(Data for processing)
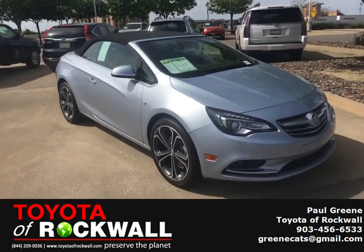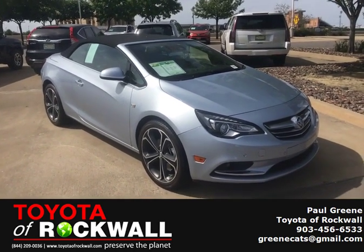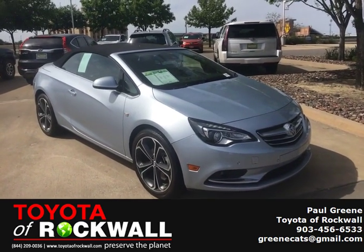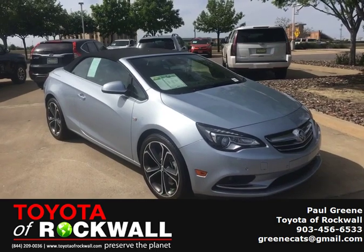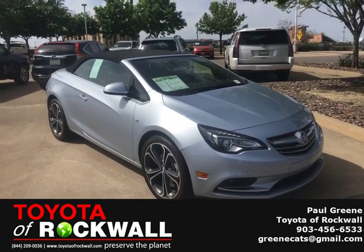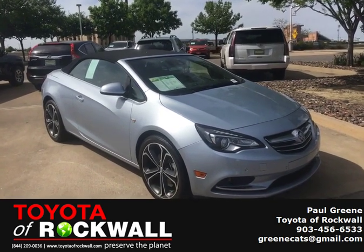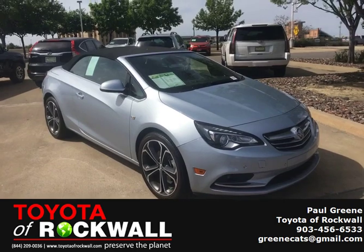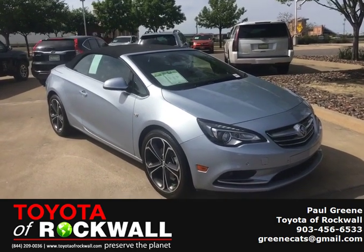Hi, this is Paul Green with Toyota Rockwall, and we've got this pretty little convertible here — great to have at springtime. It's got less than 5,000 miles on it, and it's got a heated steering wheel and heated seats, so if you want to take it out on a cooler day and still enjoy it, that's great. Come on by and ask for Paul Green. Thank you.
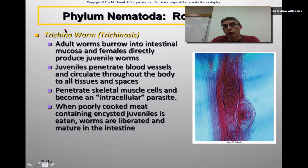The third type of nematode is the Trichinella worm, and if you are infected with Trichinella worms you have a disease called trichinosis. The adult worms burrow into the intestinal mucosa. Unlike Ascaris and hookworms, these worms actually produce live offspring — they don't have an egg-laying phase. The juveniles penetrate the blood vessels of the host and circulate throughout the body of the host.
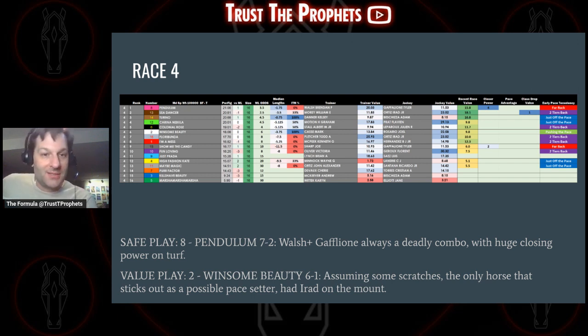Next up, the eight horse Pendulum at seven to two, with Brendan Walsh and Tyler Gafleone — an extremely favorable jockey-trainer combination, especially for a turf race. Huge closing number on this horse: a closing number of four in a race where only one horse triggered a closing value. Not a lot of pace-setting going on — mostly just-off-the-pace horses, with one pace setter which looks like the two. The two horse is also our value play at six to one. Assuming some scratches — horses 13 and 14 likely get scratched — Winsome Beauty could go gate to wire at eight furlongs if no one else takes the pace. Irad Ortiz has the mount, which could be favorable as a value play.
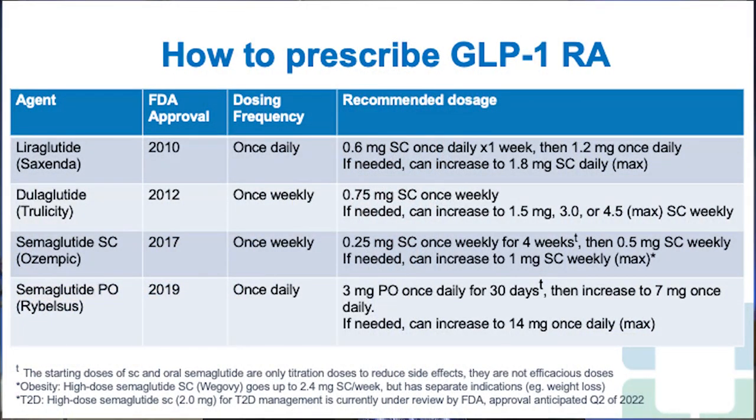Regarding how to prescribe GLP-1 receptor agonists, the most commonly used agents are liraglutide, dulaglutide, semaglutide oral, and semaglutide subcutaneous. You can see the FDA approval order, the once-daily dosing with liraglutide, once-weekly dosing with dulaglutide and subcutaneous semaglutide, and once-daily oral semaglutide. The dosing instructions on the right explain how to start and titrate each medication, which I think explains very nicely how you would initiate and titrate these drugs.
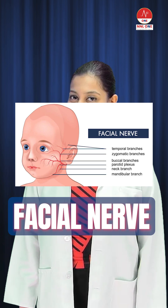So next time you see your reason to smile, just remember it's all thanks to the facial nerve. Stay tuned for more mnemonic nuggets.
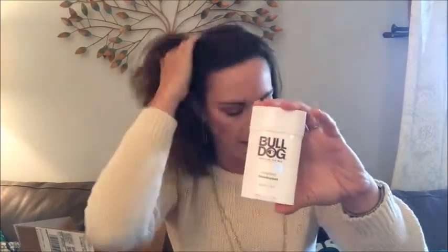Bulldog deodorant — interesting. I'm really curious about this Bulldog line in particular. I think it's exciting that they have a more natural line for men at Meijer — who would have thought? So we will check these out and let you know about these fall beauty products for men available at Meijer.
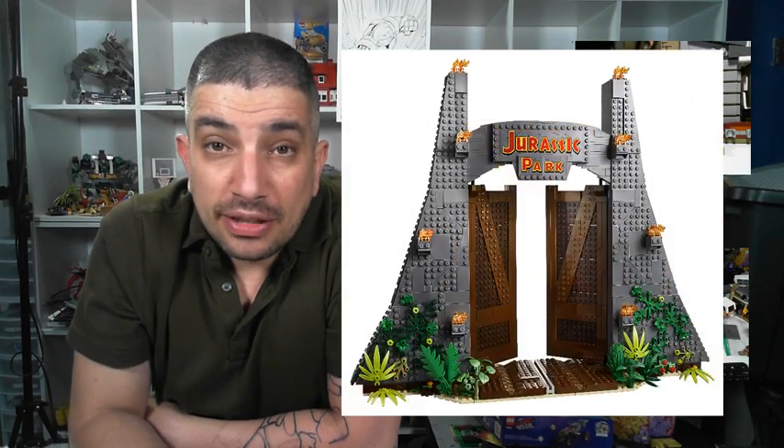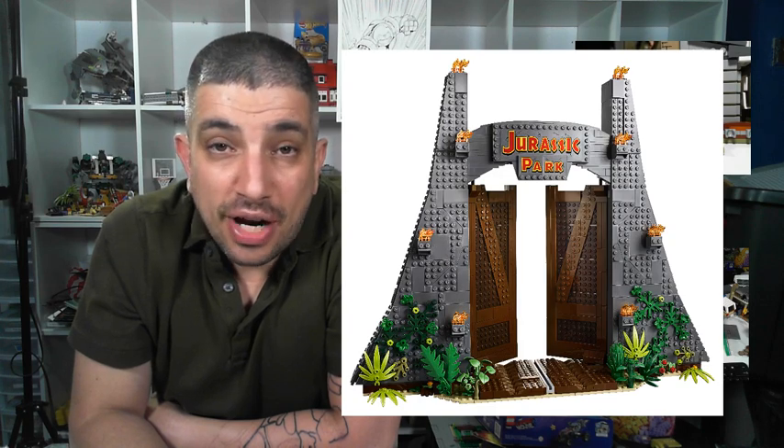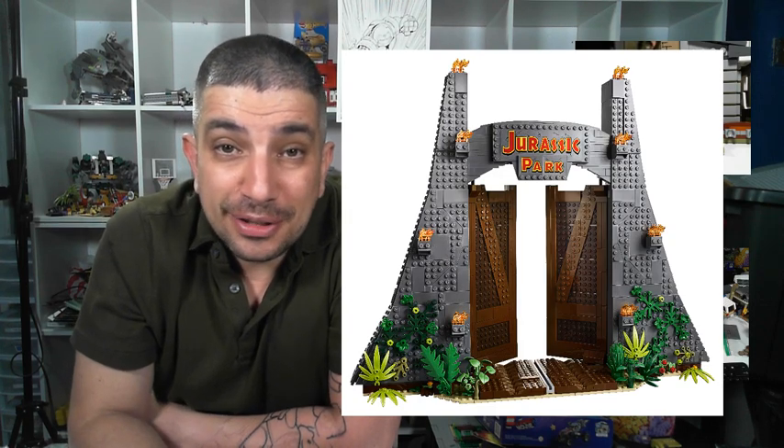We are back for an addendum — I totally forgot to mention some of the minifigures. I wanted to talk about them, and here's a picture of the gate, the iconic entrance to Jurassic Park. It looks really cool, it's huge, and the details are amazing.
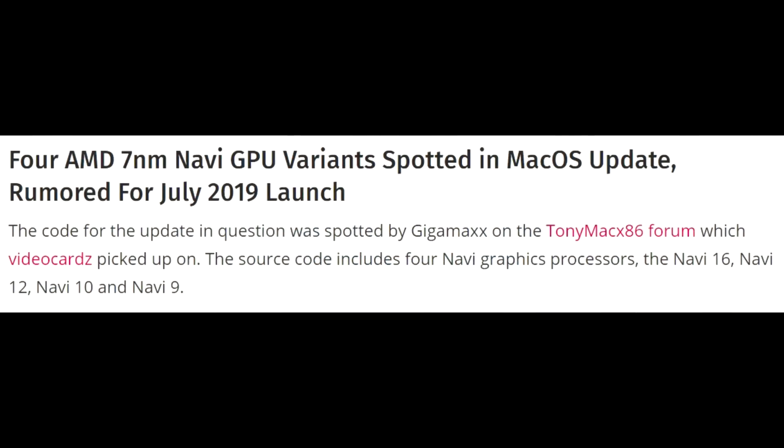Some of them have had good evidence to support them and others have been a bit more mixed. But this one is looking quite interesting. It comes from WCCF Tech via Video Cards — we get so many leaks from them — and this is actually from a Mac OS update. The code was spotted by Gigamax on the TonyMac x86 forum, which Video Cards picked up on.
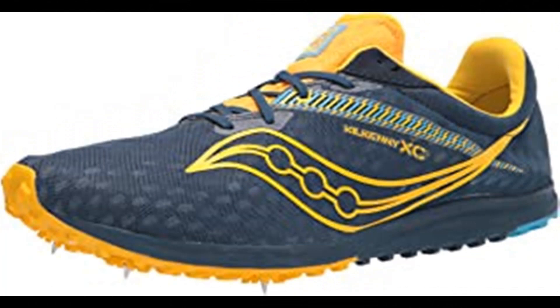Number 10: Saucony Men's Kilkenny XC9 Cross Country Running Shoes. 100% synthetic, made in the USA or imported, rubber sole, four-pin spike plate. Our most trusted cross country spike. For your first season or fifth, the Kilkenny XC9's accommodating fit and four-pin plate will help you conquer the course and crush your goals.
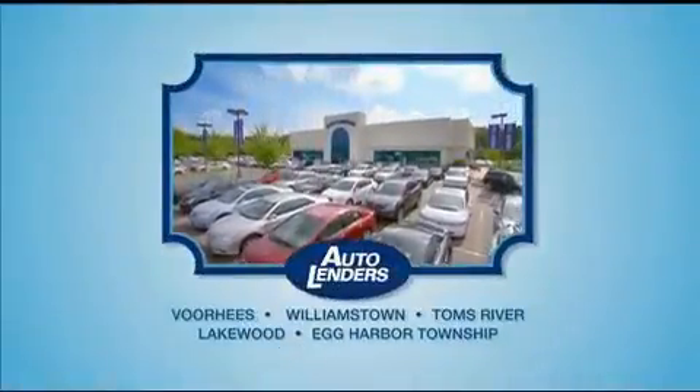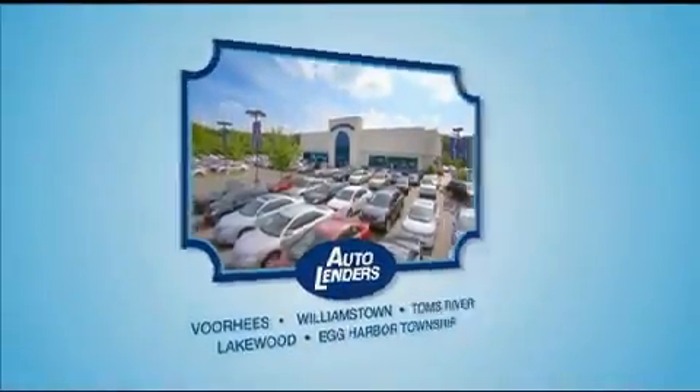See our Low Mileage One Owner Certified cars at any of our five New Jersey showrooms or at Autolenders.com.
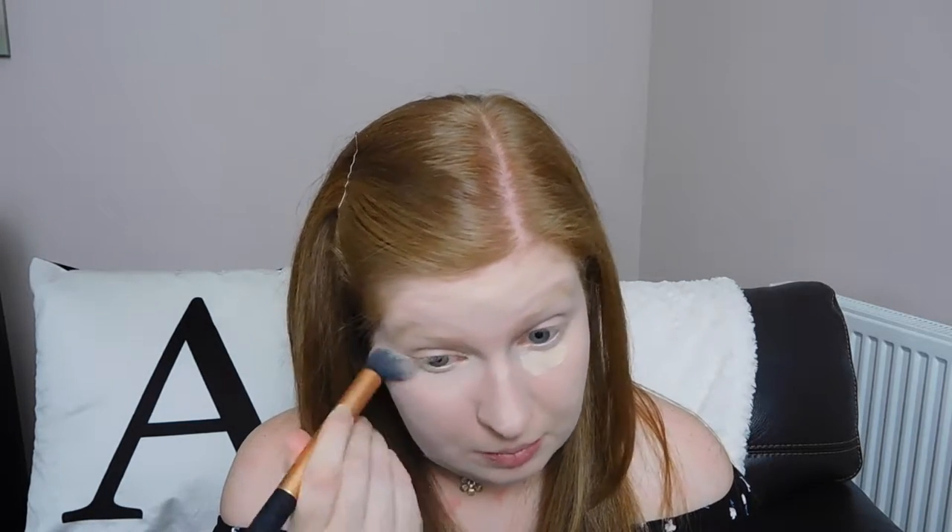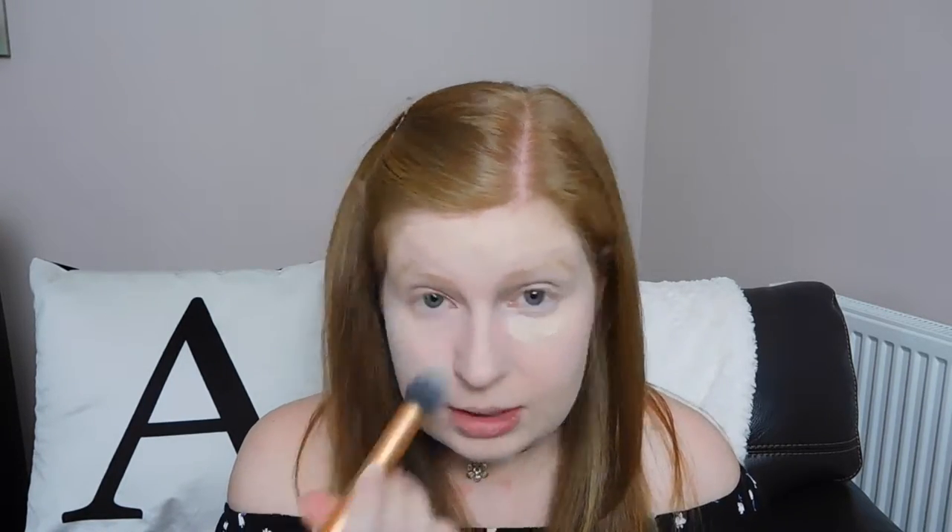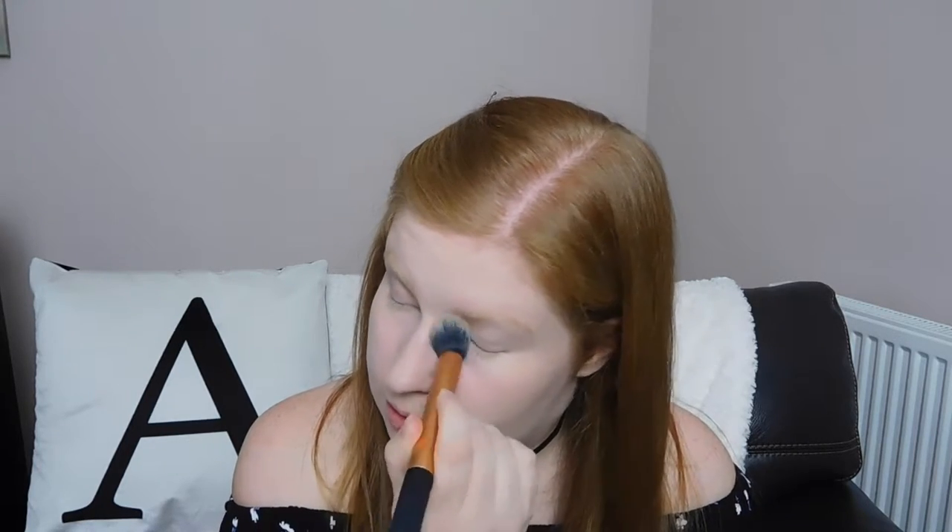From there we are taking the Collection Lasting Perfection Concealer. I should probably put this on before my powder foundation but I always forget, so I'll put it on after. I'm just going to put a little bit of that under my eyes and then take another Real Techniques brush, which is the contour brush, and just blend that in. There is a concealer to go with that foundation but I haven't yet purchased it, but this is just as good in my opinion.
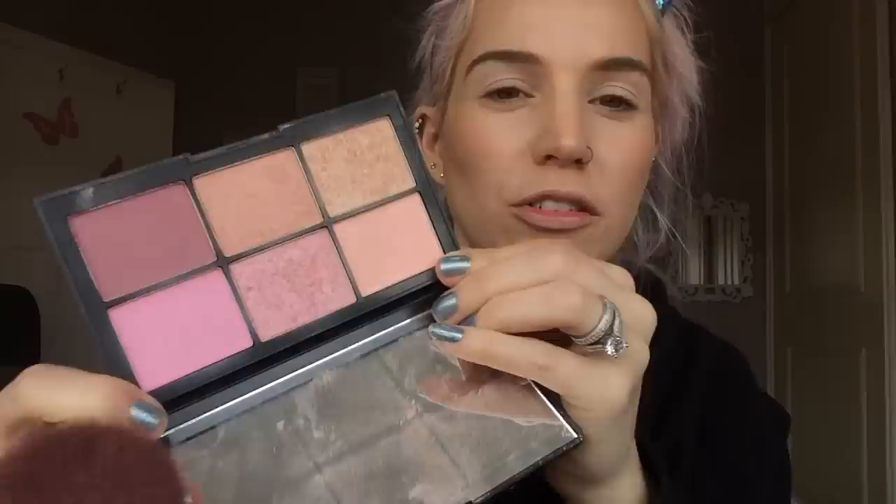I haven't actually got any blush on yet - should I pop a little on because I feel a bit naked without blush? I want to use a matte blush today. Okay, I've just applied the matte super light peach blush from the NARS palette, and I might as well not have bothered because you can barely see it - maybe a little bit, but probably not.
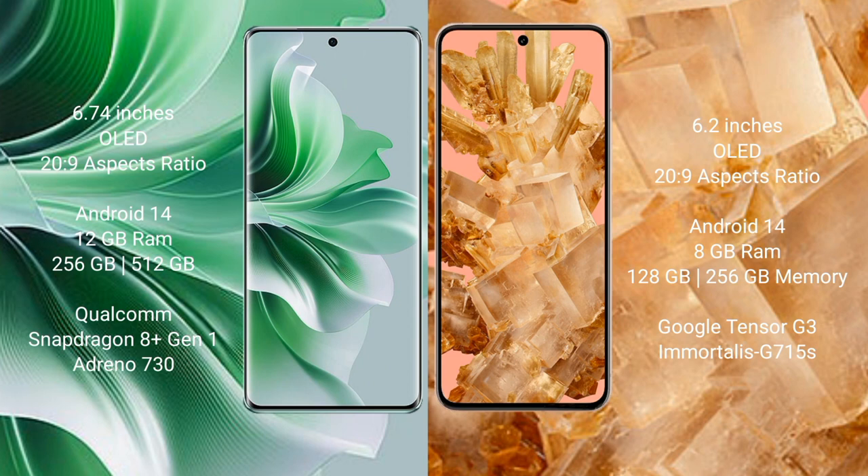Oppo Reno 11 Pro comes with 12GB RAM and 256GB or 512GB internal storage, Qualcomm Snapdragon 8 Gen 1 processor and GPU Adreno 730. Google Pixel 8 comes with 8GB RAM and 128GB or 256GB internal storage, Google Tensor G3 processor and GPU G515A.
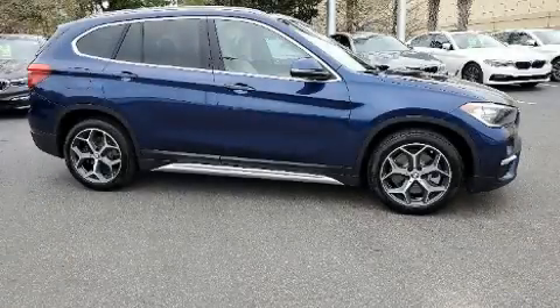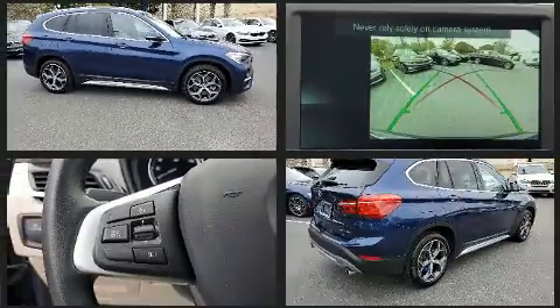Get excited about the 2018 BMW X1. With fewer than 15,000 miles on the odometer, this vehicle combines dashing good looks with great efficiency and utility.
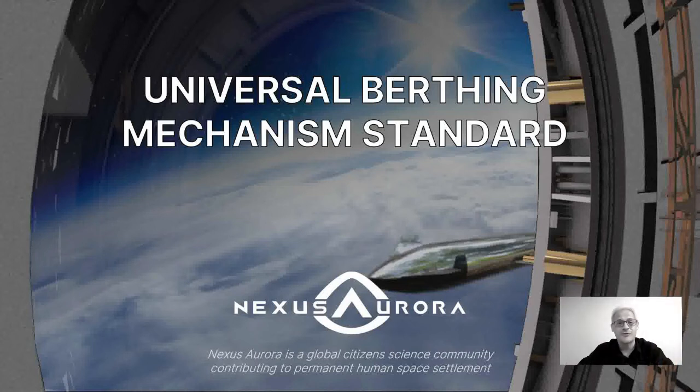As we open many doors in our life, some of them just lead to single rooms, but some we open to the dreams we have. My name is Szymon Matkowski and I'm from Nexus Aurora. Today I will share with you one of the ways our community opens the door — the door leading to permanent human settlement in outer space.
(End Data for processing)
* **What is needed**:
Output the data above verbatim, pictures excluded.

* **Result of this exercise**:
Hi, this is Paul Green with Toyota Rockwall, and we've got this pretty little convertible here — great to have at springtime. It's got less than 5,000 miles on it, and it's got a heated steering wheel and heated seats, so if you want to take it out on a cooler day and still enjoy it, that's great. Come on by and ask for Paul Green. Thank you.
The third type of nematode is the Trichinella worm, and if you are infected with Trichinella worms you have a disease called trichinosis. The adult worms burrow into the intestinal mucosa. Unlike Ascaris and hookworms, these worms actually produce live offspring — they don't have an egg-laying phase. The juveniles penetrate the blood vessels of the host and circulate throughout the body of the host.
Next up, the eight horse Pendulum at seven to two, with Brendan Walsh and Tyler Gafleone — an extremely favorable jockey-trainer combination, especially for a turf race. Huge closing number on this horse: a closing number of four in a race where only one horse triggered a closing value. Not a lot of pace-setting going on — mostly just-off-the-pace horses, with one pace setter which looks like the two. The two horse is also our value play at six to one. Assuming some scratches — horses 13 and 14 likely get scratched — Winsome Beauty could go gate to wire at eight furlongs if no one else takes the pace. Irad Ortiz has the mount, which could be favorable as a value play.
Regarding how to prescribe GLP-1 receptor agonists, the most commonly used agents are liraglutide, dulaglutide, semaglutide oral, and semaglutide subcutaneous. You can see the FDA approval order, the once-daily dosing with liraglutide, once-weekly dosing with dulaglutide and subcutaneous semaglutide, and once-daily oral semaglutide. The dosing instructions on the right explain how to start and titrate each medication, which I think explains very nicely how you would initiate and titrate these drugs.
So next time you see your reason to smile, just remember it's all thanks to the facial nerve. Stay tuned for more mnemonic nuggets.
Bulldog deodorant — interesting. I'm really curious about this Bulldog line in particular. I think it's exciting that they have a more natural line for men at Meijer — who would have thought? So we will check these out and let you know about these fall beauty products for men available at Meijer.
We are back for an addendum — I totally forgot to mention some of the minifigures. I wanted to talk about them, and here's a picture of the gate, the iconic entrance to Jurassic Park. It looks really cool, it's huge, and the details are amazing.
Some of them have had good evidence to support them and others have been a bit more mixed. But this one is looking quite interesting. It comes from WCCF Tech via Video Cards — we get so many leaks from them — and this is actually from a Mac OS update. The code was spotted by Gigamax on the TonyMac x86 forum, which Video Cards picked up on.
Number 10: Saucony Men's Kilkenny XC9 Cross Country Running Shoes. 100% synthetic, made in the USA or imported, rubber sole, four-pin spike plate. Our most trusted cross country spike. For your first season or fifth, the Kilkenny XC9's accommodating fit and four-pin plate will help you conquer the course and crush your goals.
See our Low Mileage One Owner Certified cars at any of our five New Jersey showrooms or at Autolenders.com.
From there we are taking the Collection Lasting Perfection Concealer. I should probably put this on before my powder foundation but I always forget, so I'll put it on after. I'm just going to put a little bit of that under my eyes and then take another Real Techniques brush, which is the contour brush, and just blend that in. There is a concealer to go with that foundation but I haven't yet purchased it, but this is just as good in my opinion.
I haven't actually got any blush on yet - should I pop a little on because I feel a bit naked without blush? I want to use a matte blush today. Okay, I've just applied the matte super light peach blush from the NARS palette, and I might as well not have bothered because you can barely see it - maybe a little bit, but probably not.
Oppo Reno 11 Pro comes with 12GB RAM and 256GB or 512GB internal storage, Qualcomm Snapdragon 8 Gen 1 processor and GPU Adreno 730. Google Pixel 8 comes with 8GB RAM and 128GB or 256GB internal storage, Google Tensor G3 processor and GPU G515A.
Get excited about the 2018 BMW X1. With fewer than 15,000 miles on the odometer, this vehicle combines dashing good looks with great efficiency and utility.
As we open many doors in our life, some of them just lead to single rooms, but some we open to the dreams we have. My name is Szymon Matkowski and I'm from Nexus Aurora. Today I will share with you one of the ways our community opens the door — the door leading to permanent human settlement in outer space.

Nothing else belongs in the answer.